Exact copies of all the lines below are needed, without the pictures.

START Recorded data

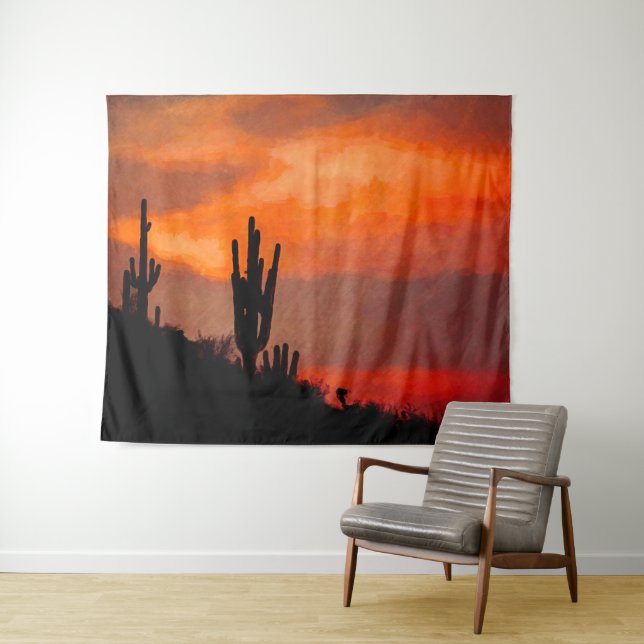 Tenture Saguaro Cactus Silhouette Arizona Red Sunset (En situation (horizontale))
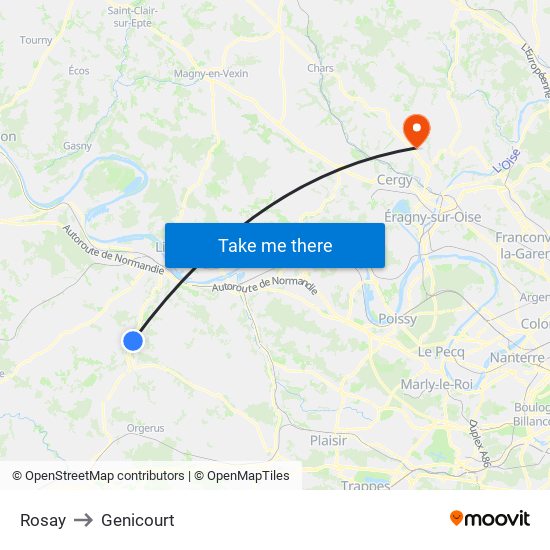 Rosay to Genicourt map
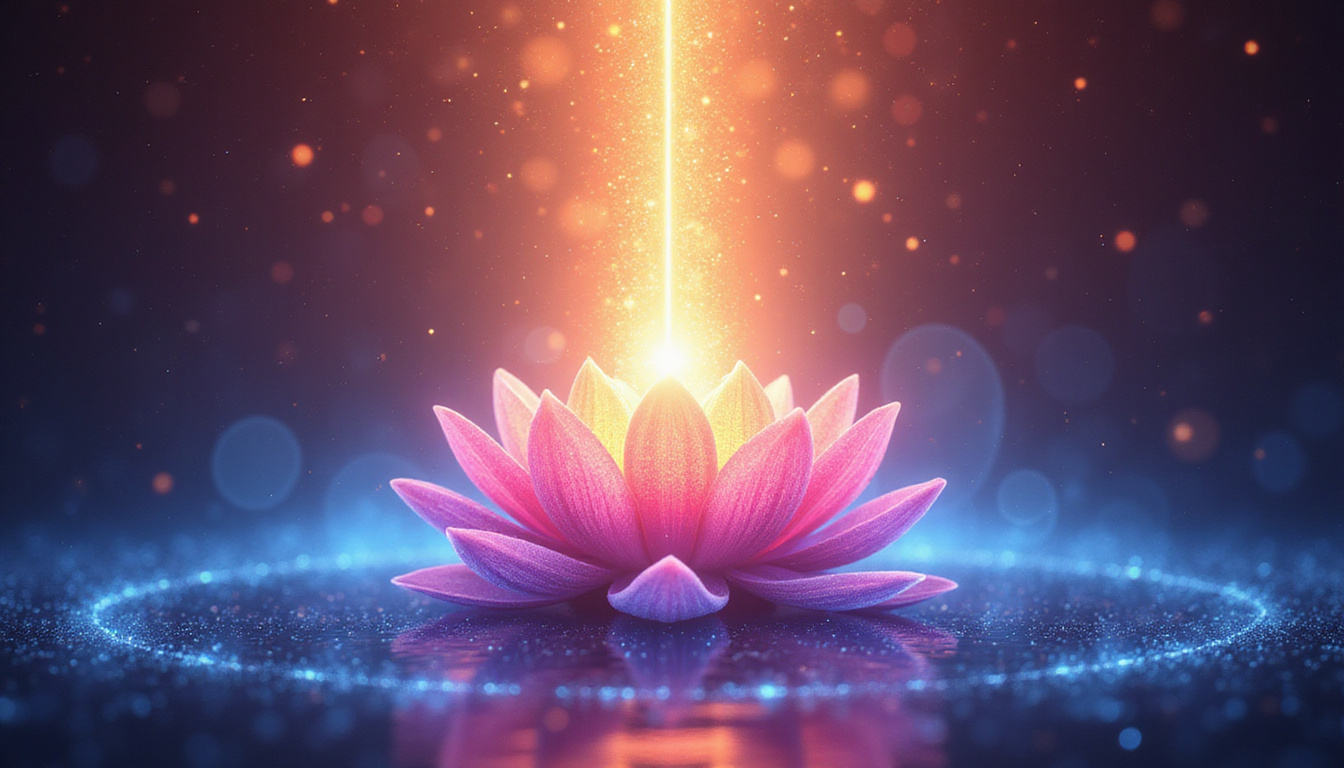  Radiant energy flow and balanced chakras illustrated with vibrant light beams and lotus flowers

END Recorded data

*Answer space:*
 Tenture Saguaro Cactus Silhouette Arizona Red Sunset (En situation (horizontale))
 Rosay to Genicourt map
  Radiant energy flow and balanced chakras illustrated with vibrant light beams and lotus flowers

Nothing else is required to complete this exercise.